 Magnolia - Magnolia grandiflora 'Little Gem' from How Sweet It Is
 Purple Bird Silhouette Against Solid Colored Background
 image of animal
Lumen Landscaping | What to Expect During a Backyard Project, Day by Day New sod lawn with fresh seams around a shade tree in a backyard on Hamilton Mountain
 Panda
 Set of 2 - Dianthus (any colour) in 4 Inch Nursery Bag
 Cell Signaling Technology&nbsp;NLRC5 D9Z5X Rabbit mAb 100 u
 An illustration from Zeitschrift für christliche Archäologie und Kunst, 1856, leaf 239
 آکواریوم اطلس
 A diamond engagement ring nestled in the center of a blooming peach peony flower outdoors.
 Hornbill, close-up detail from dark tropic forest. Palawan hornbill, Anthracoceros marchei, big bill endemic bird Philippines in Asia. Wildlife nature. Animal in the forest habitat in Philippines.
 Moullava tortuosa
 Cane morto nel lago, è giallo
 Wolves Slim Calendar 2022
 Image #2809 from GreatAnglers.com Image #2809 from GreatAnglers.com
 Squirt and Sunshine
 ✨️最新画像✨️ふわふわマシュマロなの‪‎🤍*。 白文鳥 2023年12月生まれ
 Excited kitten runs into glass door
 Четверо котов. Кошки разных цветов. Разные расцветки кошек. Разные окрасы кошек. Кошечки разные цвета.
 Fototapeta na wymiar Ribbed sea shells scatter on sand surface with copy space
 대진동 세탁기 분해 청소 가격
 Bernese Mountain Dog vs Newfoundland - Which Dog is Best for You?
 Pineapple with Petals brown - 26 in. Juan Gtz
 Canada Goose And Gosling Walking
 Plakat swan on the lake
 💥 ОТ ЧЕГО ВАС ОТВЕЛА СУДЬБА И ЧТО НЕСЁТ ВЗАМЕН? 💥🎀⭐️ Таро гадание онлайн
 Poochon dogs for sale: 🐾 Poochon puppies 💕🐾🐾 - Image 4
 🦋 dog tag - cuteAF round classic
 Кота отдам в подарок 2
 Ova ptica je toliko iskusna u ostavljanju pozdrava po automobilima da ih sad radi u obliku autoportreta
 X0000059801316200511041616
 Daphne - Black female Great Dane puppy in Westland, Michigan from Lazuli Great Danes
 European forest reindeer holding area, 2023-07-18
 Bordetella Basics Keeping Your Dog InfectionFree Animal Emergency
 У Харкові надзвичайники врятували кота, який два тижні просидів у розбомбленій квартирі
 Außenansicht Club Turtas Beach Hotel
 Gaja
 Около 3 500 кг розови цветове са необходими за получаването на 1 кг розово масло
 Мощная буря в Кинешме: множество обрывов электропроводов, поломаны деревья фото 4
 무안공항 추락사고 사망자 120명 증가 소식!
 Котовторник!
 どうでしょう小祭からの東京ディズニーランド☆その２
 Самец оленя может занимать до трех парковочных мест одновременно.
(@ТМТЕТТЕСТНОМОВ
================================
▶ Work to be completed:
Above are some lines. Repeat exactly, and only, those from the line that has "У Харкові надзвичайники" through the line that has "Около 3 500".

▶ Solution for this task:
 У Харкові надзвичайники врятували кота, який два тижні просидів у розбомбленій квартирі
 Außenansicht Club Turtas Beach Hotel
 Gaja
 Около 3 500 кг розови цветове са необходими за получаването на 1 кг розово масло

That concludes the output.